Fukuchi Gen'ichirô was a journalist, writer, and statesman of the Meiji period.

Originally from Nagasaki, he was the son of a physician, Fukuchi Gensuke, and his wife Matsuko.

He studied Rangaku and the Dutch language from a young age, and journeyed to Edo at the age of 18 in 1858 to learn English; there, he worked as a translator and interpreter for the shogunate, and traveled to Europe twice with official shogunate delegations, in 1861 and 1865; shortly after (or even before?) the Meiji Restoration, he founded a newspaper called the Kôko shimbun (江湖新聞), in which he criticized the Sat-Chô government and defended the shogunate. Though arrested for this, thanks to the efforts of Kido Takayoshi he was acquitted, and began working for the Ministry of Finance (Ôkurashô) as soon as two years later, taking part in both the Iwakura Mission and a visit by Itô Hirobumi to the US.

From 1874-1888, he was chief editor and president of the Tokyo Nichinichi Shinbun, reporting on a wide variety of stories, including the Satsuma Rebellion, often under the penname Gosô (吾曹). In his writings, he rejected radical stances, supporting a more realist view, and more gradual, "slow and steady" policies. Though generally quite supportive of the government, and indeed marketing the paper as an official publication supported by or authorized by the Dajôkan, he was also at times quite critical of the state. One such occasion was in his criticism of an incident or scandal related to the disposal of government-owned land by the Hokkaido Development Commission in 1881.

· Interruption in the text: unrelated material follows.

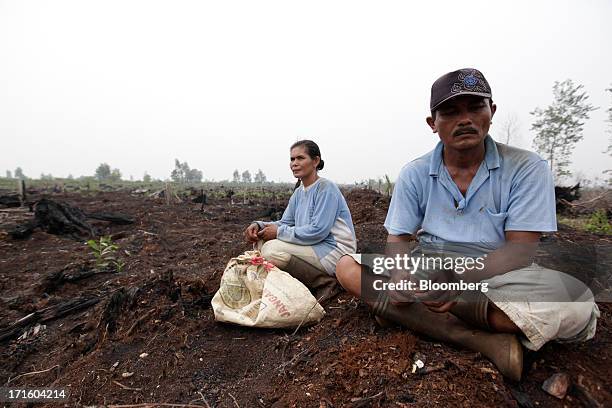 Villagers rest after planting trees in a damaged forest area in Plinting, Riau Province, Indonesia on Wednesday, June 26, 2013. Indonesia is open to...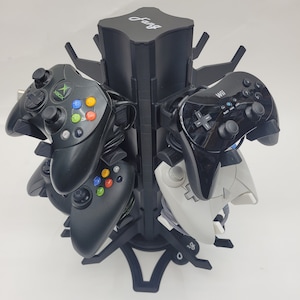 Könnte beinhalten: Ein schwarzer Plastik-Videospiel-Controller-Ständer mit dem Wort "Fang" oben. Der Ständer hält mehrere Controller, darunter Xbox, Wii und andere Controller.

Fukuchi also worked as a politician, elected to the Tokyo prefectural legislature in 1878, and named its head the following year. In 1882, he formed a new political party along with a number of his fellows, but it was not officially recognized. The following year, the government began printing its own gazette, and the no longer officially sponsored Tokyo Nichinichi Shinbun began to have financial problems; Fukuchi stepped down as editor-in-chief the following year, and retired from the newspaper in 1888.

In later years, he turned to writing kabuki plays and fiction, and supporting the development of modern theatre, as well as playing a role in the 1889 construction of Kabuki-za. Having strong connections with Ichikawa Danjûrô IX, he wrote a number of plays, including one entitled "Kasuga no Tsubone." He was elected to the Diet in 1904, but died two years later.